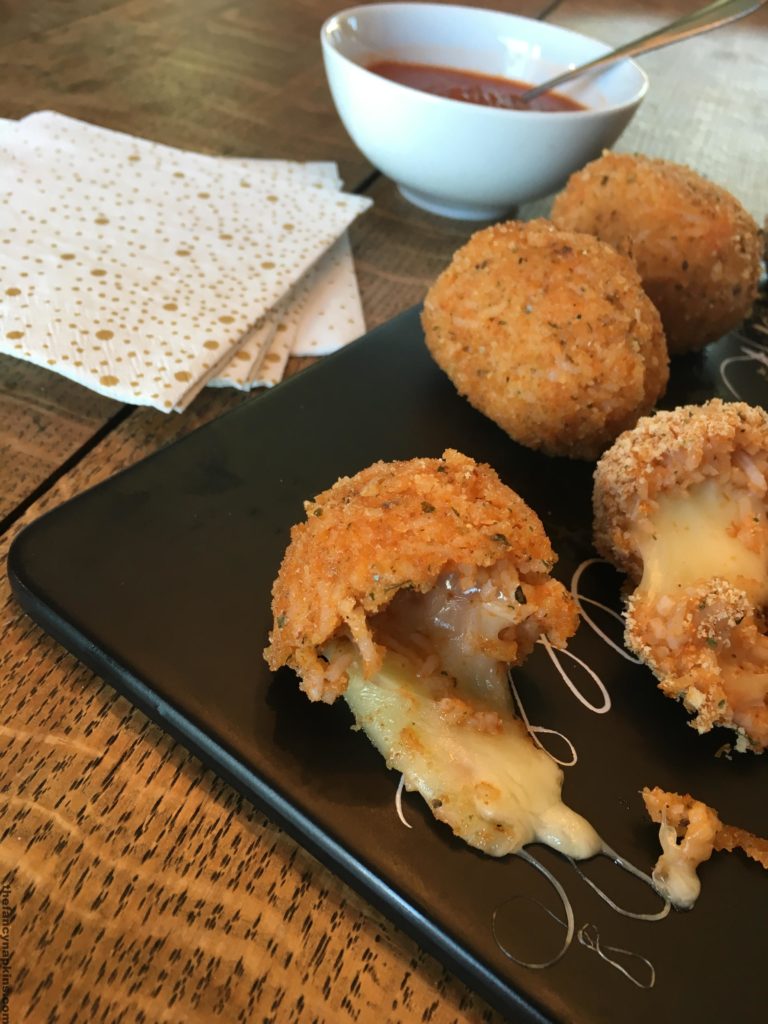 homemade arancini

* * *

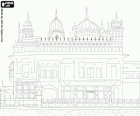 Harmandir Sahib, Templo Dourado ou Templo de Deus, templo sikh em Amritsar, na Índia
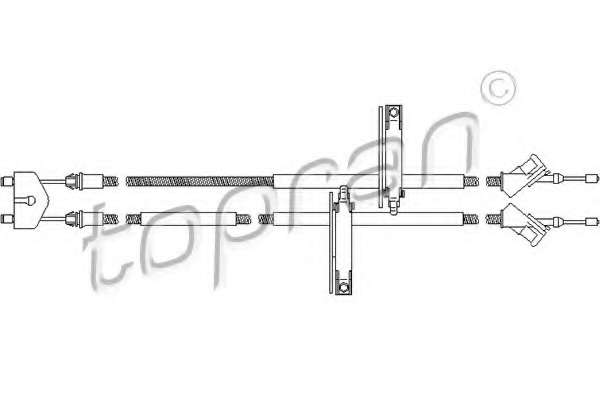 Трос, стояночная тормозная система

## PROBLEM DETAILS
When you reach the line holding "Harmandir Sahib, Templo" in the listing above, begin retyping exactly, and stop once the line holding "Трос, стояночная тормозная система" is done; pictures stay out.

## YOUR RESPONSE
 Harmandir Sahib, Templo Dourado ou Templo de Deus, templo sikh em Amritsar, na Índia
 Трос, стояночная тормозная система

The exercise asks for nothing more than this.